(Caption-style text data)
——————————

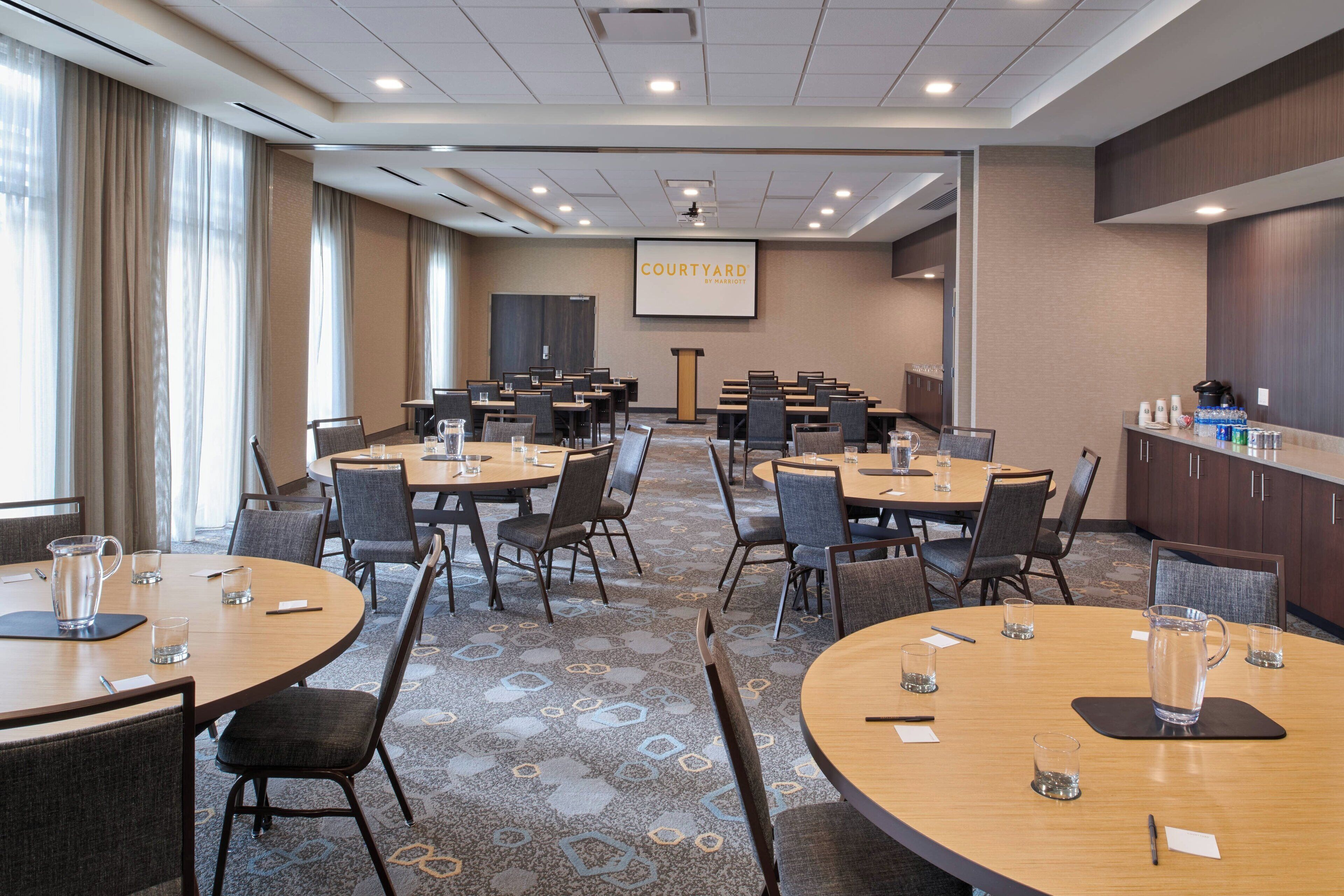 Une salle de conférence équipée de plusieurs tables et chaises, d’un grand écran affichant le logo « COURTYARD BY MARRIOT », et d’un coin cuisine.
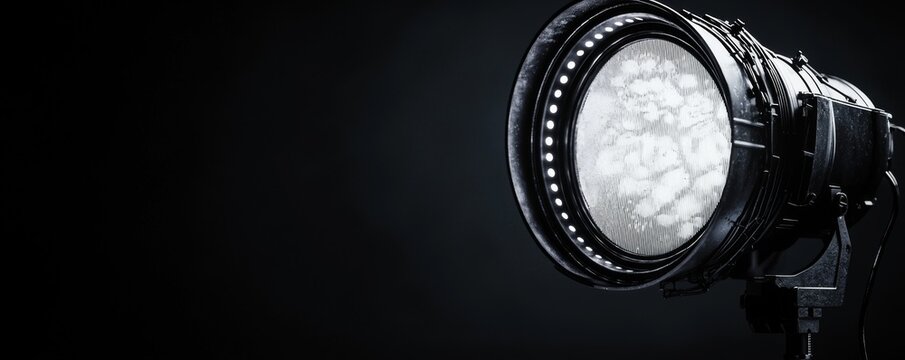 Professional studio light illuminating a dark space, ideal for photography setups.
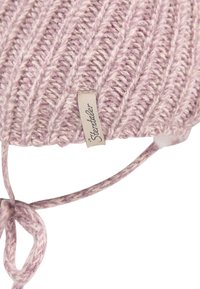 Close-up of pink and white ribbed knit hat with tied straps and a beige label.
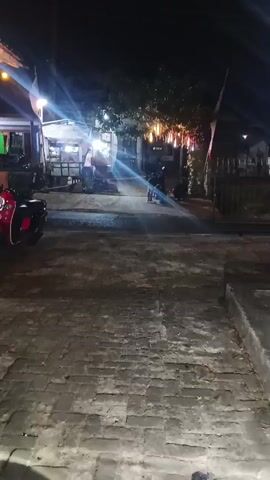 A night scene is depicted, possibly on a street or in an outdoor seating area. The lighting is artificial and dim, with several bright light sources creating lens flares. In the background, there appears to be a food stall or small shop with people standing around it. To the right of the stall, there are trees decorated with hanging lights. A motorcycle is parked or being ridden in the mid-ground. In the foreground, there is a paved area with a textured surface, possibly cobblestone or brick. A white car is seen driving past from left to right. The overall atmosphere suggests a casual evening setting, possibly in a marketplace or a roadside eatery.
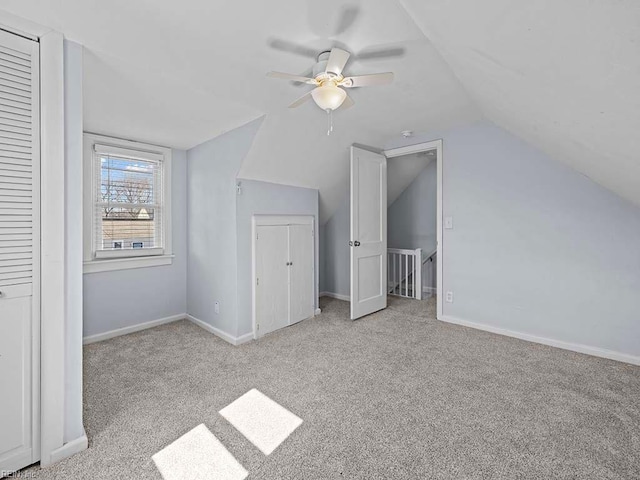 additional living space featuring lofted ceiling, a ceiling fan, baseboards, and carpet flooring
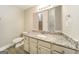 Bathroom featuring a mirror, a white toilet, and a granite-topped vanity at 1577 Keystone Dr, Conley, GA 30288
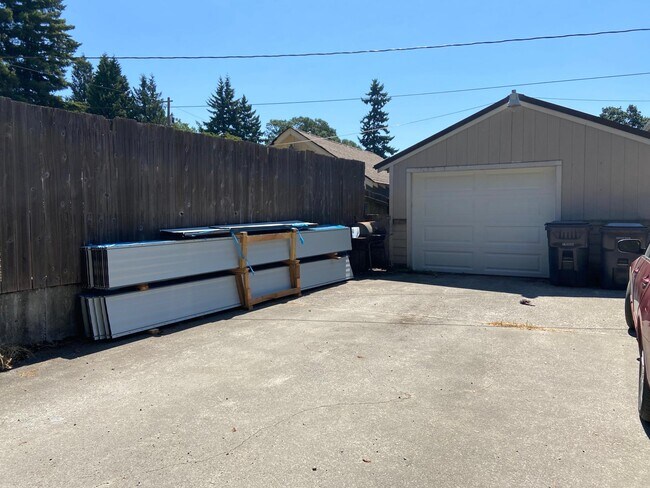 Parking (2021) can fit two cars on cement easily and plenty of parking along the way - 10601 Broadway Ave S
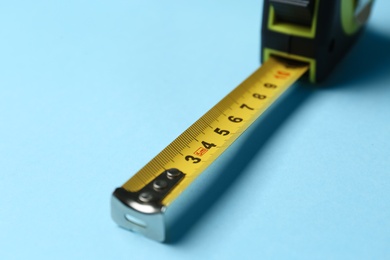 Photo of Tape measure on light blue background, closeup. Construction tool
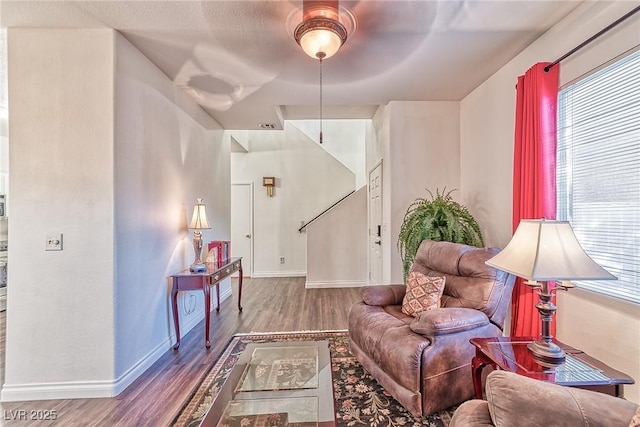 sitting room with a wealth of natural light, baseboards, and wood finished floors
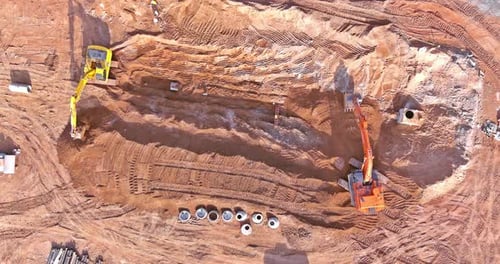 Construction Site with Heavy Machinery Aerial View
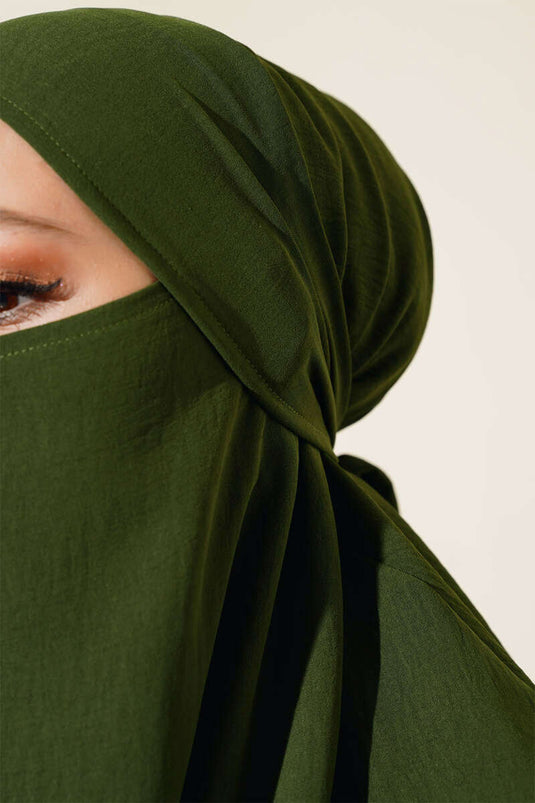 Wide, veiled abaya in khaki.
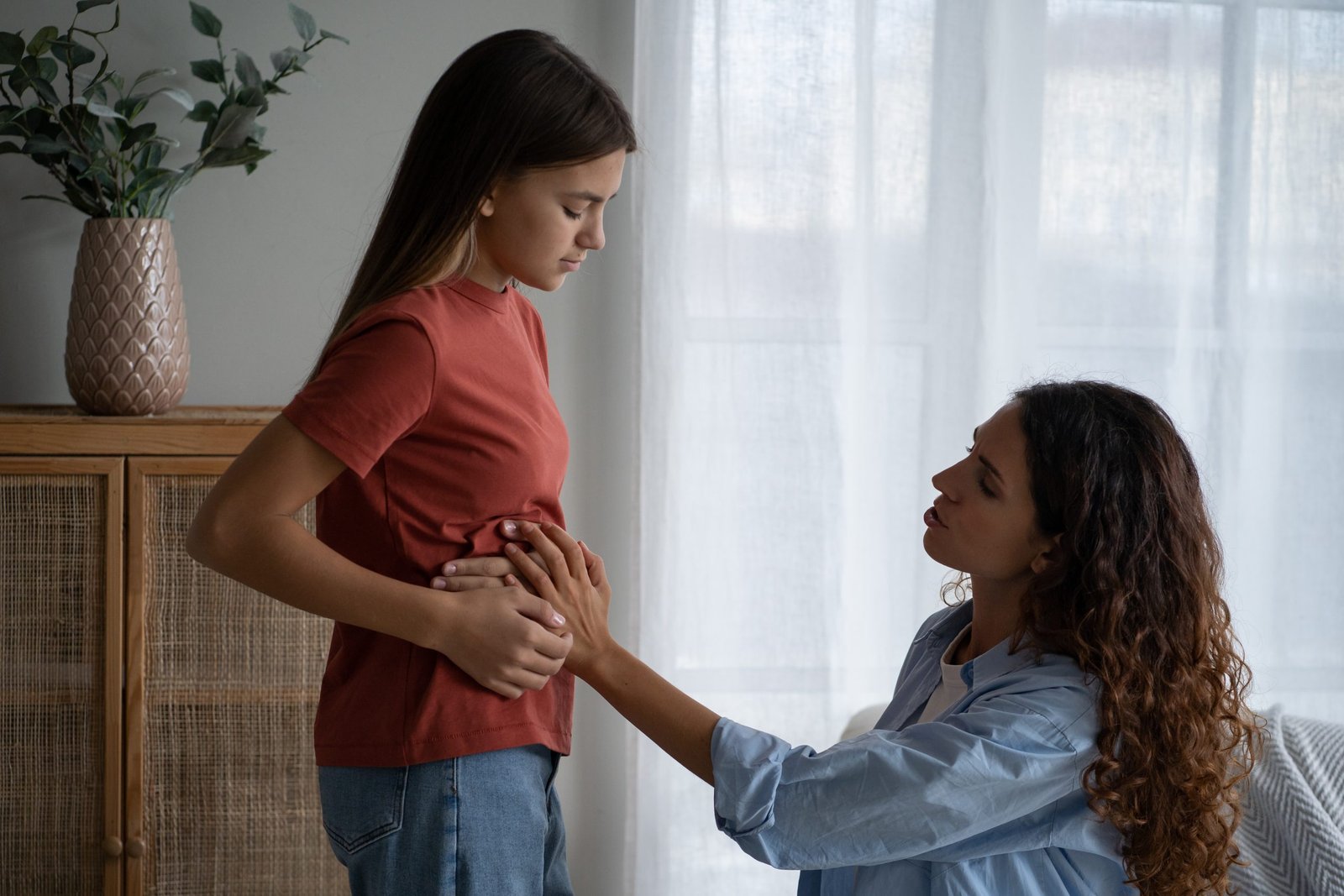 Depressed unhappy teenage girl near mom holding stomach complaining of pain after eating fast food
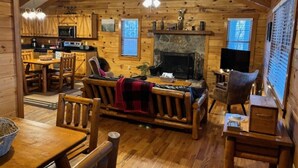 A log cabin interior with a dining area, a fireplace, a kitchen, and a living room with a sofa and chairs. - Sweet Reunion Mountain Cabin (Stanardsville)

——————————

§ **What the exercise asks**: Look above for the line with "Photo of Tape", then give again exactly every line from there through the line with "Wide, veiled abaya in khaki.", skipping the pictures.

§ **The completed task**:
 Photo of Tape measure on light blue background, closeup. Construction tool
 sitting room with a wealth of natural light, baseboards, and wood finished floors
 Construction Site with Heavy Machinery Aerial View
 Wide, veiled abaya in khaki.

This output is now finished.